However it can be combined with texture coordinate modification functions, which then operate on the
generated coordinates rather than static model texture coordinates.
@param enable
True to enable, false to disable
@param envMapType
The type of environment mapping to perform. Planar, curved, reflection or normal. @see EnvMapType
@note
This option has no effect in the programmable pipeline.
*/
void setEnvironmentMap(bool enable, EnvMapType envMapType = ENV_CURVED);
/** Sets up an animated scroll for the texture layer.
@note
Useful for creating constant scrolling effects on a texture layer (for varying scrolls, see setTransformAnimation).
@param uSpeed
The number of horizontal loops per second (+ve=moving right, -ve = moving left).
@param vSpeed
The number of vertical loops per second (+ve=moving up, -ve= moving down).
@note
This option has no effect in the programmable pipeline.
*/
void setScrollAnimation(Real uSpeed, Real vSpeed);
/** Sets up an animated texture rotation for this layer.
@note
Useful for constant rotations (for varying rotations, see setTransformAnimation).
@param speed
The number of complete anticlockwise revolutions per second (use -ve for clockwise)
@note
This option has no effect in the programmable pipeline.
*/
void setRotateAnimation(Real speed);
/** Sets up a general time-relative texture modification effect.
@note
This can be called multiple times for different values of ttype, but only the latest effect
applies if called multiple time for the same ttype.
@param ttype
The type of transform, either translate (scroll), scale (stretch) or rotate (spin).
@param waveType
The shape of the wave, see WaveformType enum for details.
@param base
The base value for the function (range of output = {base, base + amplitude}).
@param frequency
The speed of the wave in cycles per second.
@param phase
The offset of the start of the wave, e.g. 0.5 to start half-way through the wave.
@param amplitude
Scales the output so that instead of lying within 0..1 it lies within 0..1*amplitude for exaggerated effects.
@note
This option has no effect in the programmable pipeline.
*/
void setTransformAnimation( const TextureTransformType ttype,
const WaveformType waveType, Real base = 0, Real frequency = 1, Real phase = 0, Real amplitude = 1 );
/** Enables or disables projective texturing on this texture unit.
@remarks
Projective texturing allows you to generate texture coordinates
based on a Frustum, which gives the impression that a texture is
being projected onto the surface.

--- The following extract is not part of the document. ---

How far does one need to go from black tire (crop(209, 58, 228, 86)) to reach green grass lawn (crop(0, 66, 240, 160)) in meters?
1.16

Note that once you have called
this method, the texture unit continues to monitor the Frustum you
passed in and the projection will change if you can alter it. It also
means that you must ensure that the Frustum object you pass a pointer
to remains in existence for as long as this TextureUnitState does.
@par
This effect cannot be combined with other texture generation effects,
such as environment mapping. It also has no effect on passes which
have a vertex program enabled - projective texturing has to be done
in the vertex program instead.
@param enabled
Whether to enable / disable.
@param projectionSettings
The Frustum which will be used to derive the
projection parameters.
*/
void setProjectiveTexturing(bool enabled, const Frustum* projectionSettings = 0);
/** Removes all effects applied to this texture layer.
*/
void removeAllEffects(void);
/** Removes a single effect applied to this texture layer.
@note
Because you can only have 1 effect of each type (e.g. 1 texture coordinate generation) applied
to a layer, only the effect type is required.
*/
void removeEffect( const TextureEffectType type );
/** Determines if this texture layer is currently blank.
@note
This can happen if a texture fails to load or some other non-fatal error. Worth checking after
setting texture name.
*/
bool isBlank(void) const;
/** Sets this texture layer to be blank.
*/
void setBlank(void);
/** Tests if the texture associated with this unit has failed to load.
*/
bool isTextureLoadFailing() const { return mTextureLoadFailed; }
/** Tells the unit to retry loading the texture if it had failed to load.
*/
void retryTextureLoad() { mTextureLoadFailed = false; }
/// Get texture effects in a multimap paired array.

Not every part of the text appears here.